A method to estimate the composition of the bulk silicate Earth in the presence of a hidden geochemical reservoir

The possibility of a hidden geochemical reservoir in the deep mantle has long been debated in geophysics and geochemistry, because of its bearings on the structure of the core-mantle boundary region, the origin of hotspots, the style of mantle convection, the history of the geomagnetic field, and the thermal evolution of Earth. The presence of such hidden reservoir, however, may invalidate existing models for the composition of the bulk silicate Earth because these models invariably assume that major chemical differentiation in the mantle follows the compositional trend exhibited by upper-mantle rocks. This article presents a new method to estimate the composition of the bulk silicate Earth by explicitly taking into account the possibility of a hidden reservoir. This geochemical inference is formulated as a nonlinear inverse problem, for which an efficient Markov chain Monte Carlo algorithm is developed.

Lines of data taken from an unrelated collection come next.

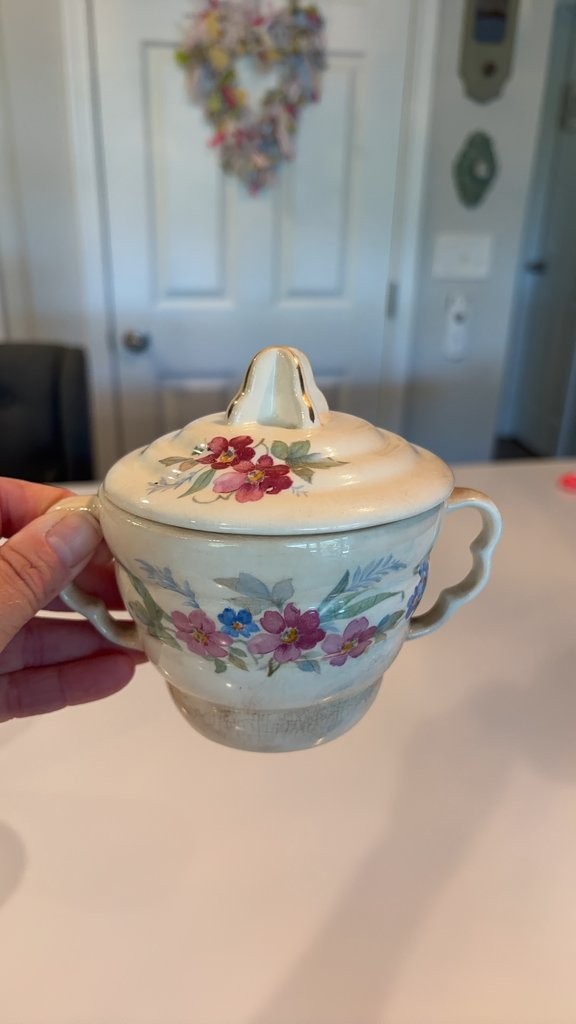 Vintage Sebring Pottery 'The Aristocrat' Sugar Bowl with Lid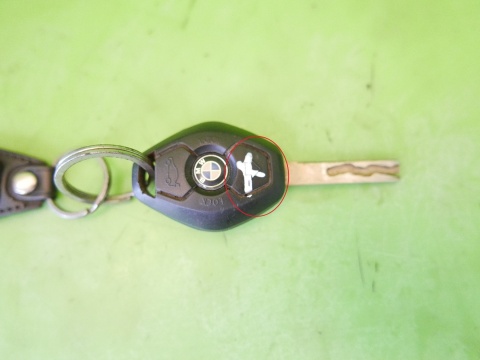 Zestaw wkładka lewa stacyjka kluczyk BMW X5 E53 4.4 automat 99-03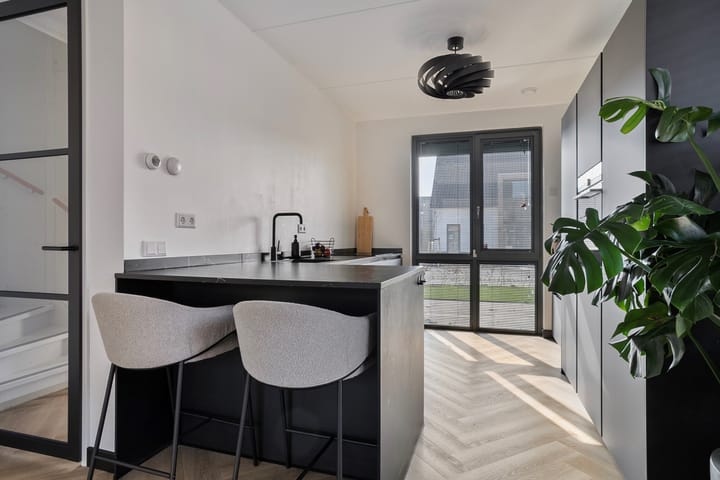 Foto 12 van Dotterbloem 10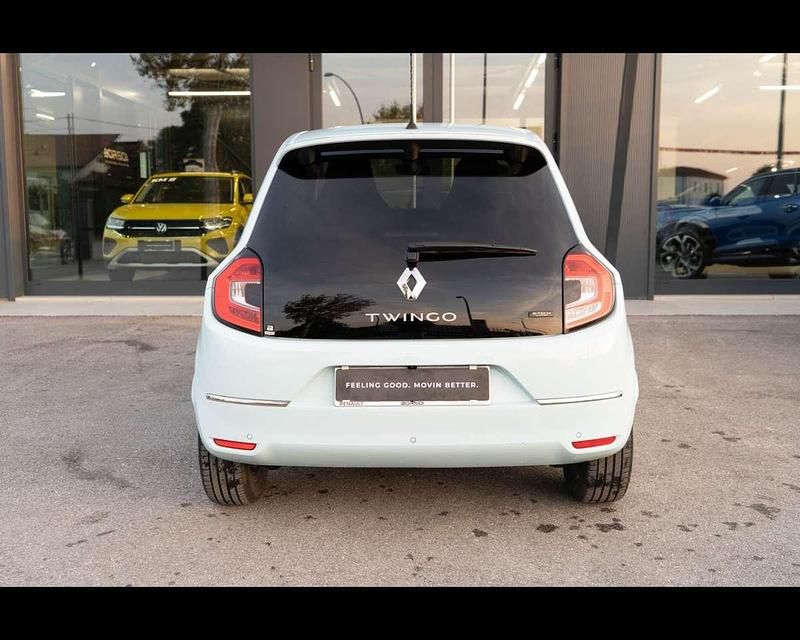 Usata Renault Twingo Techno 31 kW (43 CV) 2022 Blu/azzurro Utilitaria
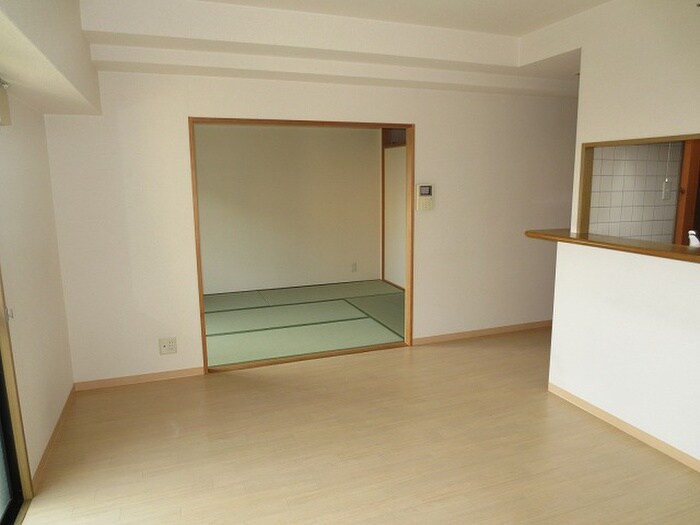 物件内観写真19　(居室)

Inversion results indicate that the formation of a hidden reservoir, if any, took place at low pressures probably within the first 10 Myr of the history of the solar system and was subsequently lost from the Earth by impact erosion. The global mass balance of the bulk silicate Earth is revisited with the inversion results, and the depletion of highly incompatible elements in the present-day Earth is suggested to be moderate.